Short text fragments from websites =
◇ ◇ ◇ ◇ ◇

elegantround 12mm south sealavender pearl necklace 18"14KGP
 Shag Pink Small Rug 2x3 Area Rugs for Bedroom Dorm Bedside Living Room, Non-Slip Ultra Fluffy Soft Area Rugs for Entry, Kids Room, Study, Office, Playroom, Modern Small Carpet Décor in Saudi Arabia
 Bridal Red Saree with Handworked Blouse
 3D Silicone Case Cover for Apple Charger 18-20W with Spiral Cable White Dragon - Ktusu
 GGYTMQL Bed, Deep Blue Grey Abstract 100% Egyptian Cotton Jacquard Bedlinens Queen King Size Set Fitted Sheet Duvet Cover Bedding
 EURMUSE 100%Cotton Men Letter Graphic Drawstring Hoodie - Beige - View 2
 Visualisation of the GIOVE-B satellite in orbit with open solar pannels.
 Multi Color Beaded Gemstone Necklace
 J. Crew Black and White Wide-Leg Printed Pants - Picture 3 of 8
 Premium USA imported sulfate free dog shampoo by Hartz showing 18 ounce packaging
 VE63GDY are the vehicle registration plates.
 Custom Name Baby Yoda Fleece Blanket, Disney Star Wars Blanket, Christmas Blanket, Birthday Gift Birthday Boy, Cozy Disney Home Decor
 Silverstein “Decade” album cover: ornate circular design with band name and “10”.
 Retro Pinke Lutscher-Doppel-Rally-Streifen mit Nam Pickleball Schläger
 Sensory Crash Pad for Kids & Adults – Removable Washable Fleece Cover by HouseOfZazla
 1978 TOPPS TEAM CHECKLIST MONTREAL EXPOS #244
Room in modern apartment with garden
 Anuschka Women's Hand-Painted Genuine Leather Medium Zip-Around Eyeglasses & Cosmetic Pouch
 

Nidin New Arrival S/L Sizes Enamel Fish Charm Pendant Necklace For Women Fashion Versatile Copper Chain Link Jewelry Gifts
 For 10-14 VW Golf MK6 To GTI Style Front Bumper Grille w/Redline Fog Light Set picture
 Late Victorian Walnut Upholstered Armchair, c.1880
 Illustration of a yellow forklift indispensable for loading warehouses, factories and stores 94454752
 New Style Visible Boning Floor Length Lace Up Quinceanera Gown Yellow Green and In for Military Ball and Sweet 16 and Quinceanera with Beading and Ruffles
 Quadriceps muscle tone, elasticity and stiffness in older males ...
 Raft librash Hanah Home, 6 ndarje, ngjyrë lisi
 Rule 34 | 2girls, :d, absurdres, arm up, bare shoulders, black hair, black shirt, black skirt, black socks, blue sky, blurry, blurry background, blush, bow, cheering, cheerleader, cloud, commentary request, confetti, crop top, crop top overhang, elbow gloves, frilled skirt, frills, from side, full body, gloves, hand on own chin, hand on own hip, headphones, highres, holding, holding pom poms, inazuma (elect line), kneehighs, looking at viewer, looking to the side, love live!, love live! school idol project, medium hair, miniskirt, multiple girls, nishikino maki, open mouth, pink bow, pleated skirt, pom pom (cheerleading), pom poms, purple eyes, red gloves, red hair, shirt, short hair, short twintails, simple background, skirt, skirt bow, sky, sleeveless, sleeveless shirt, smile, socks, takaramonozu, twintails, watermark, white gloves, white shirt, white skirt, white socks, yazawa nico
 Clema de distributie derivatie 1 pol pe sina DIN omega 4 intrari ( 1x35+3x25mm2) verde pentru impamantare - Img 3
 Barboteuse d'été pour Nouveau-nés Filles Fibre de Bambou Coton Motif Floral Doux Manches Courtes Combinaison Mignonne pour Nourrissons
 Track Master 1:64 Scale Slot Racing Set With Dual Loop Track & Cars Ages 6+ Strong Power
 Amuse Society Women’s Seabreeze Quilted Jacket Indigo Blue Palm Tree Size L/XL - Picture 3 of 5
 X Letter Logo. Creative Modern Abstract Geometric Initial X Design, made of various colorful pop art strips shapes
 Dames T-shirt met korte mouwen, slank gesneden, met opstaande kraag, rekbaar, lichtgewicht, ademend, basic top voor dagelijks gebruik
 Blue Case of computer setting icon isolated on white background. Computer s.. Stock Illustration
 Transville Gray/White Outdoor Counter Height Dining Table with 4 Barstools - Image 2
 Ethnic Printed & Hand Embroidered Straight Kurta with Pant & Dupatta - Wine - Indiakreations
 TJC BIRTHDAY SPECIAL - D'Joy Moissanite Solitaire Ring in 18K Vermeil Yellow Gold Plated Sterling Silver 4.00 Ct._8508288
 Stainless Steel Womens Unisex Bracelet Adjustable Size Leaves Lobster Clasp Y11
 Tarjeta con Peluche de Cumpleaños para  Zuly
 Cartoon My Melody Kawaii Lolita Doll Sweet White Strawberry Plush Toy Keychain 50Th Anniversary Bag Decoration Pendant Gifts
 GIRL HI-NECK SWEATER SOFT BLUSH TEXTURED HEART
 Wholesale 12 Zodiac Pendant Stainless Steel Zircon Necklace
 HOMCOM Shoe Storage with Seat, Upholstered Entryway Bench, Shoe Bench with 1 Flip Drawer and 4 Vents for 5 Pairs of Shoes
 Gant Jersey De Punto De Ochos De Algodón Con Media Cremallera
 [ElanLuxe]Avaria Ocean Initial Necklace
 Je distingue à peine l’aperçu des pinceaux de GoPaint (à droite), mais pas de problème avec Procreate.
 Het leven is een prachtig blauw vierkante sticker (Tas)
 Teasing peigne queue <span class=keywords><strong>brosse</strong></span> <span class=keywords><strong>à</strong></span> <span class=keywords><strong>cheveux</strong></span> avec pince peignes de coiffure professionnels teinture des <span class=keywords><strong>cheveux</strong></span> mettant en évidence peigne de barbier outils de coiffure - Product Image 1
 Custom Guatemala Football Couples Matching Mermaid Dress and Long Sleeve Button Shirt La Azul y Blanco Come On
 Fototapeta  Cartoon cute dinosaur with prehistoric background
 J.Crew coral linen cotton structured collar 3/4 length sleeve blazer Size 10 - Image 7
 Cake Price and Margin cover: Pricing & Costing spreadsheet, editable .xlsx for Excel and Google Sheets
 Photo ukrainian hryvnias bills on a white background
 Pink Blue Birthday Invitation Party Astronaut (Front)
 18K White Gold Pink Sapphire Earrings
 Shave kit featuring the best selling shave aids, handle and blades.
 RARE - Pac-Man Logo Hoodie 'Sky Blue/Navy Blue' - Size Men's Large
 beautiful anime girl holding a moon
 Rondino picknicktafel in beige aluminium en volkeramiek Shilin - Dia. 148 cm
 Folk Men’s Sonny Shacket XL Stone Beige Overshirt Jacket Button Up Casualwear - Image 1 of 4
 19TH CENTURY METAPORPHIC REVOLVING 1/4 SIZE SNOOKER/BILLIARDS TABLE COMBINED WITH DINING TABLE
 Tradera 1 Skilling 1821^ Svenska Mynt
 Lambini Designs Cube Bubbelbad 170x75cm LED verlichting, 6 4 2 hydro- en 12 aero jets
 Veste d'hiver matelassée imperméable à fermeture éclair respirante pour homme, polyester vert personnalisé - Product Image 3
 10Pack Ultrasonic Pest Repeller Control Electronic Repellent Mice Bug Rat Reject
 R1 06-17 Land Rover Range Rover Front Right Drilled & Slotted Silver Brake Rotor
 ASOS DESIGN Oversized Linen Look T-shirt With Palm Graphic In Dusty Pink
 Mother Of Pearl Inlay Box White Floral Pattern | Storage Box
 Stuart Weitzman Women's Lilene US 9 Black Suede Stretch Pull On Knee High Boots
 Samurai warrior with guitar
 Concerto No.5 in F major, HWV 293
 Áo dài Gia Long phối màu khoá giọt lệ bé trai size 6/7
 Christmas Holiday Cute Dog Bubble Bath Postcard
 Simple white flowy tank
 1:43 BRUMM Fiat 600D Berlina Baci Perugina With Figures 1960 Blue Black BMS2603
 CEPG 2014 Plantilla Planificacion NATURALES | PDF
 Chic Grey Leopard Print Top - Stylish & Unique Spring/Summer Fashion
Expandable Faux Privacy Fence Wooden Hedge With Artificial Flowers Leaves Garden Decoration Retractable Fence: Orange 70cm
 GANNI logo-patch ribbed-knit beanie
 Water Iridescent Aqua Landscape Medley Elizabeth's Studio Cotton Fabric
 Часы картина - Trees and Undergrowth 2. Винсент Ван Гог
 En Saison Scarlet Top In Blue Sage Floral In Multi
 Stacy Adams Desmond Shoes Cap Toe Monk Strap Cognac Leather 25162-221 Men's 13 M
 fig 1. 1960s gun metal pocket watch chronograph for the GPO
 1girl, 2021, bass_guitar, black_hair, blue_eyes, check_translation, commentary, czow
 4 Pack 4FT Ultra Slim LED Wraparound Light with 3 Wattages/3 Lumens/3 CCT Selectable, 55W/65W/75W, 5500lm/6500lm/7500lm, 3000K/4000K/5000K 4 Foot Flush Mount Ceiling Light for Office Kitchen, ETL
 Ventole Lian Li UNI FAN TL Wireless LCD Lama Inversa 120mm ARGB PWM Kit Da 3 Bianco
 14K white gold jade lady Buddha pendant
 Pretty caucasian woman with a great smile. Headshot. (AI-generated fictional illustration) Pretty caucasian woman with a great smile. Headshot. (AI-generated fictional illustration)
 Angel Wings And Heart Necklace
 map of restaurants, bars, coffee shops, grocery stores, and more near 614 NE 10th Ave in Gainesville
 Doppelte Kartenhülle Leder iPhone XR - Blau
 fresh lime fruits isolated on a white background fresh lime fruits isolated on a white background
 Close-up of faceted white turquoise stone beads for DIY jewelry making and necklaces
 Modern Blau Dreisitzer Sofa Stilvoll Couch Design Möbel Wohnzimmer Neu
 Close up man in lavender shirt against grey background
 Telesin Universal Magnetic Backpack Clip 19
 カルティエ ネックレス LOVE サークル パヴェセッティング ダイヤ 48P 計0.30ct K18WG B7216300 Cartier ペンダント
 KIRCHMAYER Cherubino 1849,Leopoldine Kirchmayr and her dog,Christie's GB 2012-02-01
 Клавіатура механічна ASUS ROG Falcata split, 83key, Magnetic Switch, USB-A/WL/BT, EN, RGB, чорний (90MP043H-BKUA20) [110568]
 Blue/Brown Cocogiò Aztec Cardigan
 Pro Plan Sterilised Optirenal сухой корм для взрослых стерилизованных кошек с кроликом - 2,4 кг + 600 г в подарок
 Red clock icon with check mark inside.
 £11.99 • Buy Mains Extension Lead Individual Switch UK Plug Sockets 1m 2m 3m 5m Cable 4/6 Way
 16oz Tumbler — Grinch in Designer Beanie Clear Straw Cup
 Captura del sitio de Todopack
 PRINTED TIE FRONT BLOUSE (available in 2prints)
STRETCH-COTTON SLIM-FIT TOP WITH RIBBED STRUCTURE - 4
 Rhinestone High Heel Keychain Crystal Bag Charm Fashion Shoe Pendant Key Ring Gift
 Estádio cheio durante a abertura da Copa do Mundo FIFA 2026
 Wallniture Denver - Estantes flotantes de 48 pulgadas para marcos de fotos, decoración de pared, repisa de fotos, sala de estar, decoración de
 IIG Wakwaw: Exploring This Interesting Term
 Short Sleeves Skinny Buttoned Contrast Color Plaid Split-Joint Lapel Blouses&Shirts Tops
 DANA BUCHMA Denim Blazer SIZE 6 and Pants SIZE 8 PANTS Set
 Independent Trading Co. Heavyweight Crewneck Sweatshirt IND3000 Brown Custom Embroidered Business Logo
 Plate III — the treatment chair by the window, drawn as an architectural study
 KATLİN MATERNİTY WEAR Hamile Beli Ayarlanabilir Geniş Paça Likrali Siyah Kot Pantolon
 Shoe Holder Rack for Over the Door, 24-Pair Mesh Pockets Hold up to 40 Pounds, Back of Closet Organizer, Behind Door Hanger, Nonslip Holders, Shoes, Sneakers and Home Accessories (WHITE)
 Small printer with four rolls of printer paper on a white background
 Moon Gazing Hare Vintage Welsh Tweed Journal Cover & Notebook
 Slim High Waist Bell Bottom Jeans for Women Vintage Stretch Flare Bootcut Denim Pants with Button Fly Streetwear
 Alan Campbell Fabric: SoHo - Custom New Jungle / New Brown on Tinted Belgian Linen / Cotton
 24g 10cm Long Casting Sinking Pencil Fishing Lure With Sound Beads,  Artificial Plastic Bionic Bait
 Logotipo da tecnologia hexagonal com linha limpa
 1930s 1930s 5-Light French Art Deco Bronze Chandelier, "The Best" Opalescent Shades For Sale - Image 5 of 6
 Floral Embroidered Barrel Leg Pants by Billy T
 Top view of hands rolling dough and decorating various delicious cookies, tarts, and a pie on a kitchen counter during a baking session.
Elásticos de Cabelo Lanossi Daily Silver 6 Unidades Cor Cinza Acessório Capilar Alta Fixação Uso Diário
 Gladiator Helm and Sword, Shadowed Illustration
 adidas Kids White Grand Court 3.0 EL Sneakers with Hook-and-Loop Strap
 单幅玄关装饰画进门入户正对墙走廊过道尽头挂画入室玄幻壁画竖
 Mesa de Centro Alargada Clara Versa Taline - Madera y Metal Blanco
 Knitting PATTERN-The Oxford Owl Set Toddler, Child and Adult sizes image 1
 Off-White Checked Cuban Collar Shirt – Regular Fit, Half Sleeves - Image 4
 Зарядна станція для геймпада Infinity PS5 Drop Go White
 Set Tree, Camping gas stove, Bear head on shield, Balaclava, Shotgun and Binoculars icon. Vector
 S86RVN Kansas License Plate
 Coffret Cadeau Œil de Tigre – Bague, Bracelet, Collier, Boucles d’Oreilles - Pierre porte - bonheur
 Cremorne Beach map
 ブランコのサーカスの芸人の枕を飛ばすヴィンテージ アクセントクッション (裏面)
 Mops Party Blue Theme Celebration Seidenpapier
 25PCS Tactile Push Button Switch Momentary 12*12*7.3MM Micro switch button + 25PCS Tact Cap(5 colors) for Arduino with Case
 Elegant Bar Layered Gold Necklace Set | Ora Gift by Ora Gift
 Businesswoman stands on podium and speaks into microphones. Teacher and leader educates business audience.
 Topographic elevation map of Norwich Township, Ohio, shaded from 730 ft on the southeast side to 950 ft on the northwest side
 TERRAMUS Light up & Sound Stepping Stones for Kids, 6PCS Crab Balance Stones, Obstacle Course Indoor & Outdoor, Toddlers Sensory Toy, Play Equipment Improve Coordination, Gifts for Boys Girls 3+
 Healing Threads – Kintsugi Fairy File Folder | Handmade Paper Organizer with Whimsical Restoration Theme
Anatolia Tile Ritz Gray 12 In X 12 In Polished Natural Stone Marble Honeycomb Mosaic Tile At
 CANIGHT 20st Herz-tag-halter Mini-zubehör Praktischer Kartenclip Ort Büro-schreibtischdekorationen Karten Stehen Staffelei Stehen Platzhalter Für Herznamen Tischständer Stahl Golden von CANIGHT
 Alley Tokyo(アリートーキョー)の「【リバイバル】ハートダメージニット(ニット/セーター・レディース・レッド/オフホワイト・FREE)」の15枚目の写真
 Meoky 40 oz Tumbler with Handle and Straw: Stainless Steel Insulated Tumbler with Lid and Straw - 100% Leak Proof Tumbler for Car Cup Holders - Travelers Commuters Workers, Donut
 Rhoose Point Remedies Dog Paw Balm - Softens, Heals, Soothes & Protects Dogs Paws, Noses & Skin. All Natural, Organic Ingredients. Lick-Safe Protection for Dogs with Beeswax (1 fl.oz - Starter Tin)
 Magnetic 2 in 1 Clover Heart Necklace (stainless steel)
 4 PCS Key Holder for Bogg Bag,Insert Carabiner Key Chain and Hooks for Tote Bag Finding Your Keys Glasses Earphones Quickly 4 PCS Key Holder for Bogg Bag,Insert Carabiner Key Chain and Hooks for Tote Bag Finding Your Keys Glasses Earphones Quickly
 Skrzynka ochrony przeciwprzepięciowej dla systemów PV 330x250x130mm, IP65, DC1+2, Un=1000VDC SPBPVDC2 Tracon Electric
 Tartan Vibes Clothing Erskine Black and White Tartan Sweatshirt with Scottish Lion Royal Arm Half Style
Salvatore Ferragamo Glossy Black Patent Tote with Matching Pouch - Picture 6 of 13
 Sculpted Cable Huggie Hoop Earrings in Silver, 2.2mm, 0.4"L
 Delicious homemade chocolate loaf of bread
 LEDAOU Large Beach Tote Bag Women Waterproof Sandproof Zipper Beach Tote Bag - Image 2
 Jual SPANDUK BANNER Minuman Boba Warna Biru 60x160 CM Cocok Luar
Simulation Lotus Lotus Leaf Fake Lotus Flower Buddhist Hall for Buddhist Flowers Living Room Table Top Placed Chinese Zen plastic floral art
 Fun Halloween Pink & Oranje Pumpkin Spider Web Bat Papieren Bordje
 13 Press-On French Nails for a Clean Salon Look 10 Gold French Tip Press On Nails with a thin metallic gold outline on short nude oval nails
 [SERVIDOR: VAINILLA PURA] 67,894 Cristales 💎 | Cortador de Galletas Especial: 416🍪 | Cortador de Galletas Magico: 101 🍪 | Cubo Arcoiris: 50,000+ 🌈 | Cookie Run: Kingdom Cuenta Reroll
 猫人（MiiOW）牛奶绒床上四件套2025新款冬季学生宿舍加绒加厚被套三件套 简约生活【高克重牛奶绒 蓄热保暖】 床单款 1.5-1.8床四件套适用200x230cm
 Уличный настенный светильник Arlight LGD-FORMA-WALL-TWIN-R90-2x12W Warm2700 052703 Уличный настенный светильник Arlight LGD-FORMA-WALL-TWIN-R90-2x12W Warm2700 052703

◇ ◇ ◇ ◇ ◇

Exercise requirements = What is needed is an exact copy of the entries from their first line down to the line with "Sensory Crash Pad", that line included, and nothing beyond it.

Result for this task =
elegantround 12mm south sealavender pearl necklace 18"14KGP
 Shag Pink Small Rug 2x3 Area Rugs for Bedroom Dorm Bedside Living Room, Non-Slip Ultra Fluffy Soft Area Rugs for Entry, Kids Room, Study, Office, Playroom, Modern Small Carpet Décor in Saudi Arabia
 Bridal Red Saree with Handworked Blouse
 3D Silicone Case Cover for Apple Charger 18-20W with Spiral Cable White Dragon - Ktusu
 GGYTMQL Bed, Deep Blue Grey Abstract 100% Egyptian Cotton Jacquard Bedlinens Queen King Size Set Fitted Sheet Duvet Cover Bedding
 EURMUSE 100%Cotton Men Letter Graphic Drawstring Hoodie - Beige - View 2
 Visualisation of the GIOVE-B satellite in orbit with open solar pannels.
 Multi Color Beaded Gemstone Necklace
 J. Crew Black and White Wide-Leg Printed Pants - Picture 3 of 8
 Premium USA imported sulfate free dog shampoo by Hartz showing 18 ounce packaging
 VE63GDY are the vehicle registration plates.
 Custom Name Baby Yoda Fleece Blanket, Disney Star Wars Blanket, Christmas Blanket, Birthday Gift Birthday Boy, Cozy Disney Home Decor
 Silverstein “Decade” album cover: ornate circular design with band name and “10”.
 Retro Pinke Lutscher-Doppel-Rally-Streifen mit Nam Pickleball Schläger
 Sensory Crash Pad for Kids & Adults – Removable Washable Fleece Cover by HouseOfZazla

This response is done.